一方、先日千葉県市川市では、認可予定であった私立の保育園が周辺住民の反対で、建設を断念した、というニュースが取り上げられていた。
讀賣新聞:住民「看板設置前に説明なく、唐突」・・・保育園断念
この市川市の場合、道幅が狭いなどの問題があったようだが、保育園などの建設で問題になるのは「周辺住民の静かな暮らし」という点という気がする。
「子どもたちの声が、うるさい」ということが、よく言われている点はご存じの方も多いと思う。
その「子供たちの声」だが、以前は普通に暮らしの中にあったような気がする。
その理由は、各世帯に「子どもがいた」からだ。
その「子ども」が成長し、親元から離れ別世帯を持つと、その家には「子どもの声」が無くなる。
時折、孫を連れてくれば「子どもの声」を聞くことになるが、そのような世帯ばかりではない。
言い換えれば「子どもの声が聞こえない地域」というのは、高齢者世帯が多い地域、あるいは単身者が多い地域、ということになるのではないだろうか?
ただ、単身者の多くは、昼間は仕事をしているので「保育園の子どもの声」というのは、気になるようなことはほとんどないだろう。
もちろん仕事によっては、夜勤などの関係で「昼間ゆっくり休みたい」という方も、いらっしゃるとは思うのだが、多くの場合、高齢者世帯なのでは?
それだけではなく、地域コミュニティーが希薄になりつつある高齢者世帯なのでは?という、気がするのだ。
そう考えると「保育所建設反対」を訴える人達の多くが高齢者である、という点も納得がいく。
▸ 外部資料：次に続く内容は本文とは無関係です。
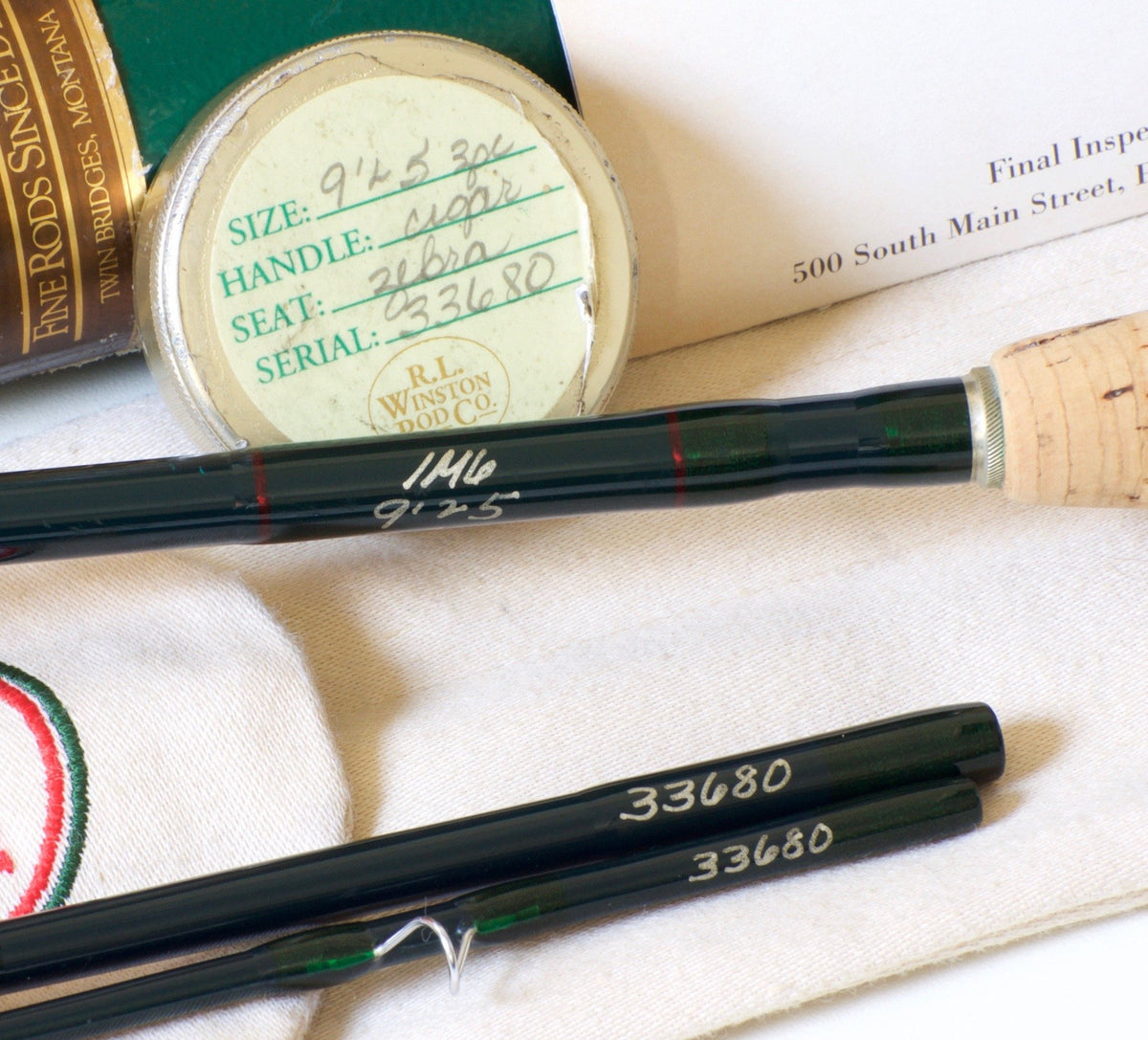 Winston IM6 Graphite Rod 9' 5wt 3pc - Spinoza Rod Company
もう少し違った視点で考えると、このような「保育園建設」で問題が起きやすい地域は、高齢者世帯が多いだけではなく、数年~10数年後「空き家問題」を抱える地域になりやすい可能性があるのでは、ないだろうか?
何も「過疎地」と、呼ばれるような地域だけの問題ではない。
築年数の古くなった都市部の公団団地などでも、見られる現象なのでは?
当然のことながら、買い物をするためのお店なども撤退し、生活に不便をきたすようになる可能性もあるだろう。
とすれば今から、積極的に「若い世帯」を受け入れるような取り組みをしていかなくては、一つの地域としてのまとまりが無くなっていく可能性があるような気がするのだ。
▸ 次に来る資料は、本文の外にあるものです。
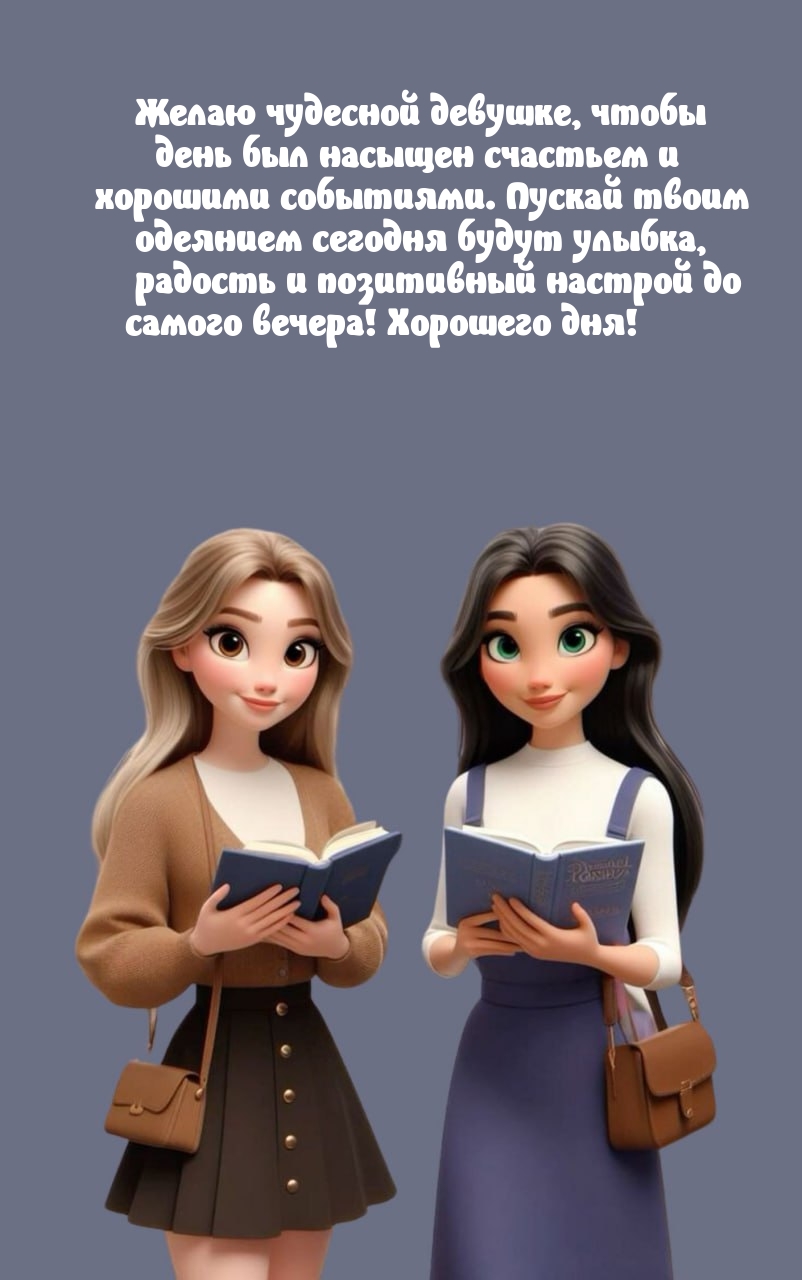 Хорошего дня! Пускай твоим одеянием сегодня будут улыбка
例えば「保育園と高齢者ケア施設を併設」するなどして、日ごろから子どもと高齢者が交流できるような取り組みがあれば、「子どもの声がうるさい」という苦情は、減っていくのではないだろうか?
何より「子どもたちが元気に遊ぶ地域」というのは、その地域全体の活気がある、ということだと思う。
かつてのように、複数世代の同居が当たり前だった頃は、家の中で自然に「世代交代」が行われてきた。
しかし今は地域全体の問題として、積極的に取り組まなくては「地域の世代交代」が行われにくい、ということだと思う。
「保育園建設問題」というのは、単なる「苦情で断念」というだけでは終わらない、問題が隠れているような気がする。